Having a repertoire of easy chicken recipes you can make on a moment's notice (and in many cases without a recipe) is one of the easiest ways to save time in the kitchen. Boneless, skinless chicken breasts (or thighs) are wonderful coated with everything from grated cheese to breadcrumbs to chopped nuts to pretzels.
Finely crushed pretzels make an automatically super crunchy coating for boneless, skinless chicken breasts in this easy recipe. Choose your favorite type of pretzel for this coating.
Because the pretzels usually have so much salt (unless you choose a salt free variety) this recipe doesn't need more salt. If you use pretzels that don't have salt, sprinkle the chicken with some salt before coating.

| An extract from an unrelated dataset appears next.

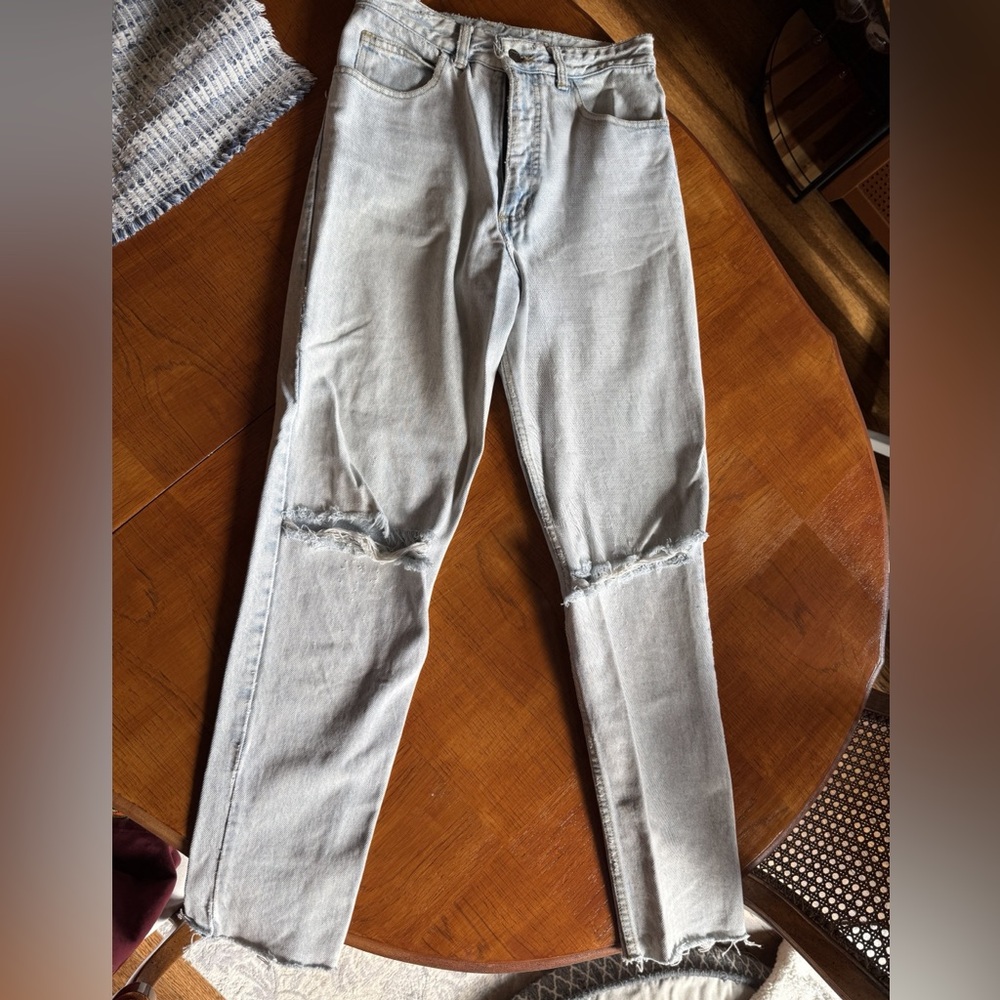 Vintage 90s Guess Jeans (Light Wash, Distressed)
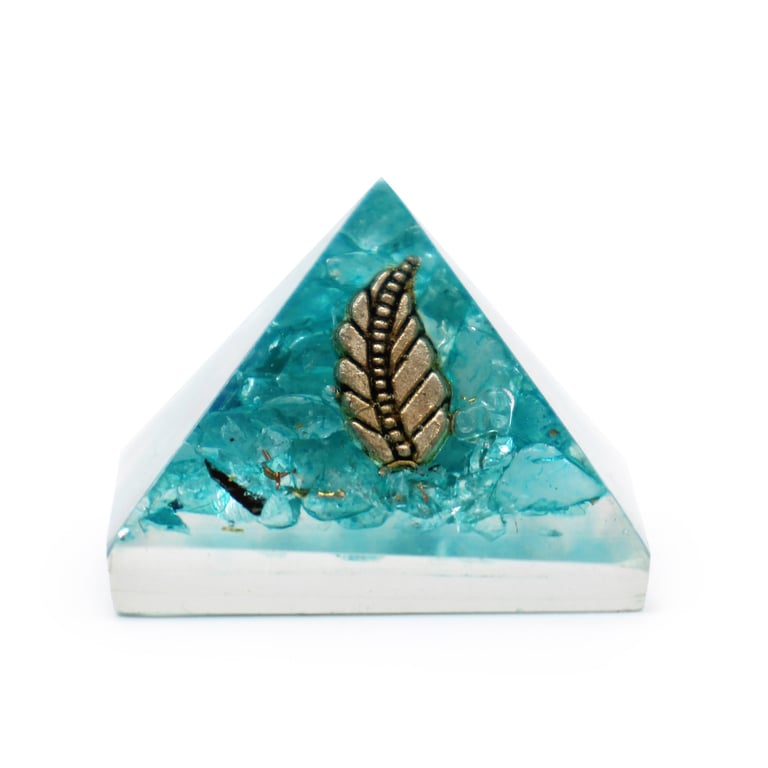 Sm Orgonite Pyramid - Copper and Gemchips Energy Healing Home Decor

Serve this recipe with a green salad tossed with avocados, sliced mushrooms, and grape tomatoes with a honey mustard dressing to complement the flavors of the chicken. Add some baby carrots and a nice glass of white wine for a wonderful dinner.
- 1/4 cup butter, melted
- 2 tablespoons prepared horseradish or mustard
- 1/8 teaspoon hot pepper sauce
- 1 cup finely crushed pretzel sticks
- 2 tablespoons flour
- 2 tablespoons chopped fresh parsley
- 4 boneless, skinless chicken breasts
Combine the butter, horseradish or mustard, and hot pepper sauce in a shallow pan and mix well with a fork to combine.
Mix the crushed pretzels, flour and parsley in another shallow pan or dish with your fingers.
Dip the boneless, skinless chicken breasts into the butter mixture one at a time, then roll the coated chicken pieces in the crushed pretzel mixture to coat.
Put the coated chicken on a wire rack inside a shallow baking pan.
Bake at 400°F for 18 to 24 minutes or until a meat thermometer registers 165°F. Let the chicken stand for five minutes, then serve.